Neutrino Transfer in Three Dimensions for Core-Collapse Supernovae. I. Static Configurations

TL;DR

This paper introduces a 3D neutrino transfer code for core-collapse supernovae, capable of multi-energy and multi-angle calculations, validated through tests and comparisons with spherically symmetric models, paving the way for advanced supernova simulations.

Contribution

The paper presents the development of a novel 3D neutrino transfer code using the S_n method with implicit differencing, enabling detailed supernova modeling.

Findings

Validated the code in diffusion and free streaming limits.

Successfully computed steady neutrino distributions in 3D.

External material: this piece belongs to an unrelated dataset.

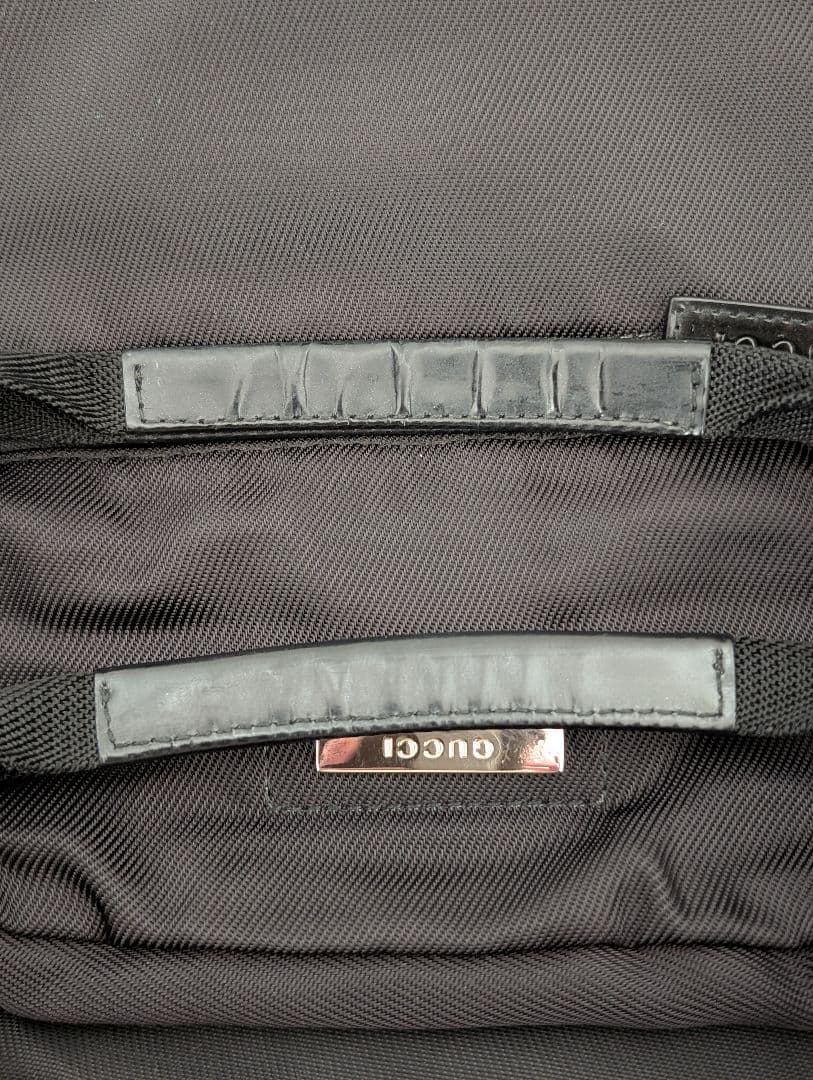 GUCCI グッチ ナイロン ボストンバッグ　ブラック【大容量・美品】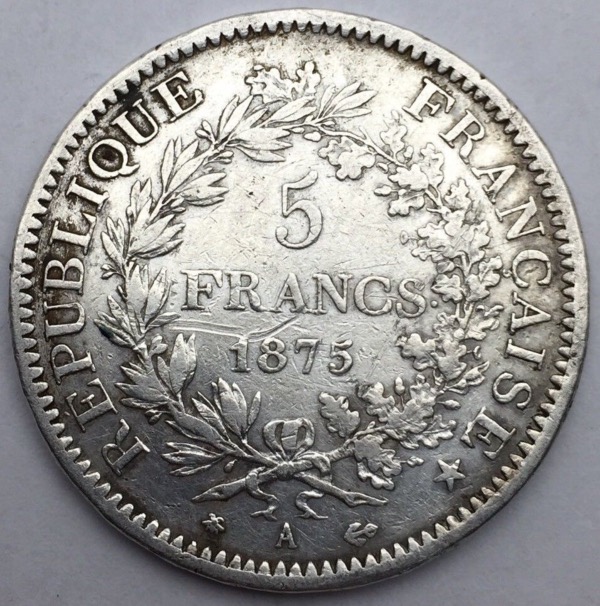 5 Francs Hercule 1875 A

Demonstrated multi-D capabilities with deformed supernova cores.

Abstract

We develop a numerical code to calculate the neutrino transfer with multi-energy and multi-angle in three dimensions (3D) for the study of core-collapse supernovae. The numerical code solves the Boltzmann equations for neutrino distributions by the discrete-ordinate (S_n) method with a fully implicit differencing for time advance. The Boltzmann equations are formulated in the inertial frame with collision terms being evaluated to the zeroth order of v/c. A basic set of neutrino reactions for three neutrino species is implemented together with a realistic equation of state of dense matter. The pair process is included approximately in order to keep the system linear. We present numerical results for a set of test problems to demonstrate the ability of the code. The numerical treatments of advection and collision terms are validated first in the diffusion and free streaming limits. Then we compute steady neutrino distributions for a background extracted from a spherically symmetric, general relativistic simulation of 15Msun star and compare them with the results in the latter computation. We also demonstrate multi-D capabilities of the 3D code solving neutrino transfers for artificially deformed supernova cores in 2D and 3D. Formal solutions along neutrino paths are utilized as exact solutions. We plan to apply this code to the 3D neutrino-radiation hydrodynamics simulations of supernovae. This is the first article in a series of reports on the development.